» DATA BELOW
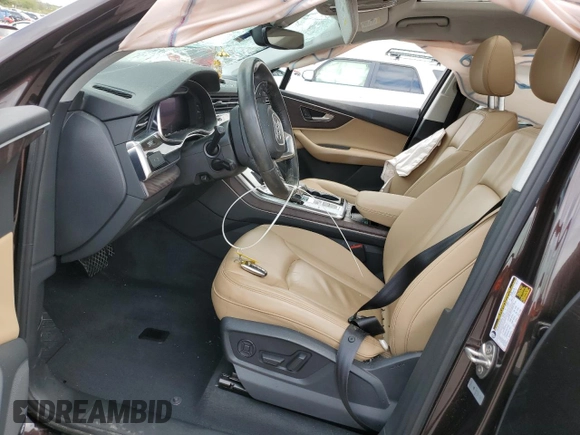 2020 Audi Q7 Premium Plus with VIN WA1LJAF73LD010114, listed as a Copart auction lot 74204703 with Not provided miles and . Bid and sale history available at DreamBid. Image 7.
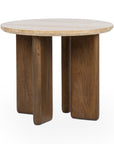 Idella - Travertine Round Table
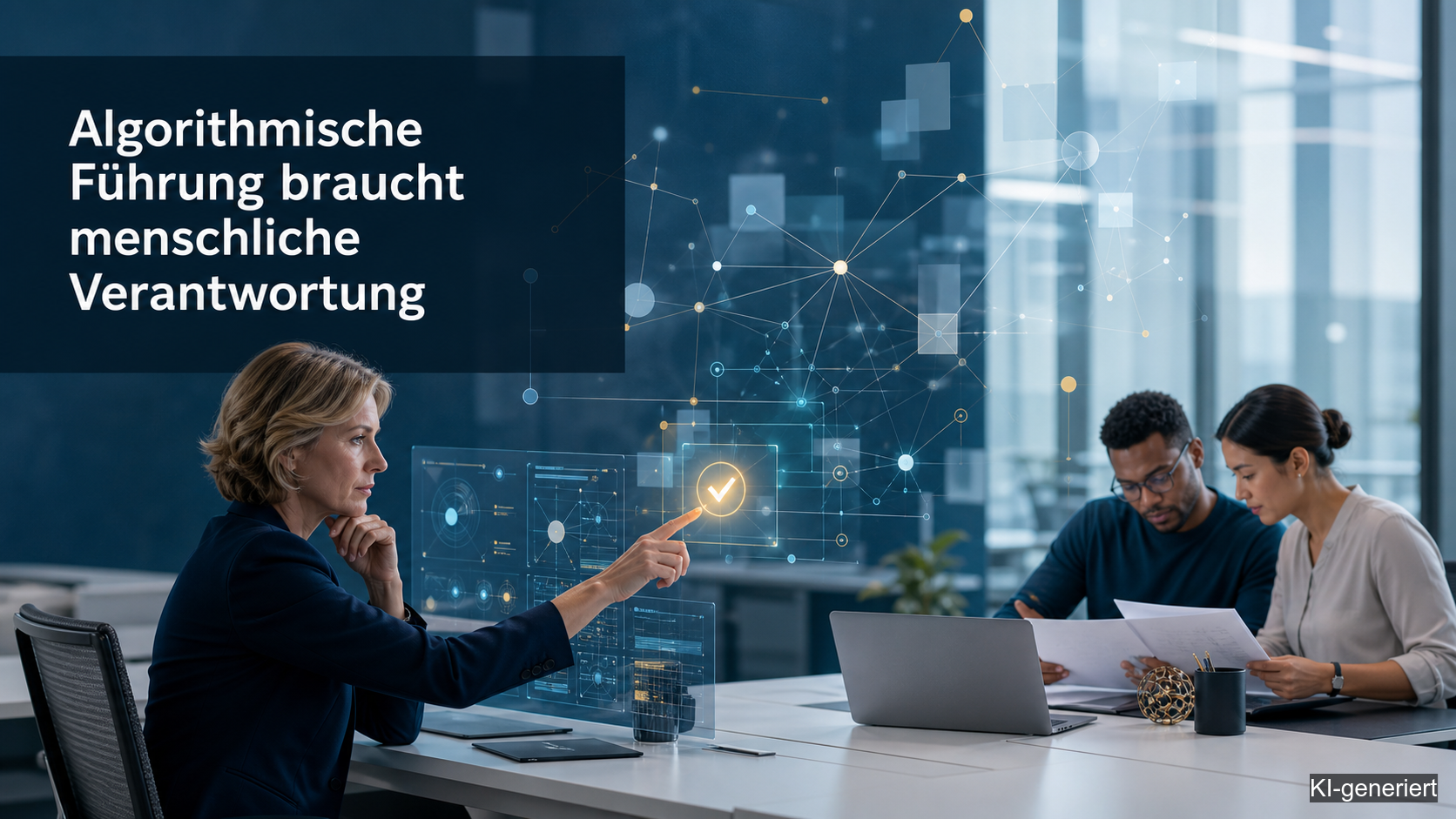 Algorithmische Führung bruach menschliche Verantwortung (KI-generiert)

» TASK REQUIREMENTS
Exactly as written above, print every line of the data but not its pictures.

» WRITTEN RESPONSE
 2020 Audi Q7 Premium Plus with VIN WA1LJAF73LD010114, listed as a Copart auction lot 74204703 with Not provided miles and . Bid and sale history available at DreamBid. Image 7.
 Idella - Travertine Round Table
 Algorithmische Führung bruach menschliche Verantwortung (KI-generiert)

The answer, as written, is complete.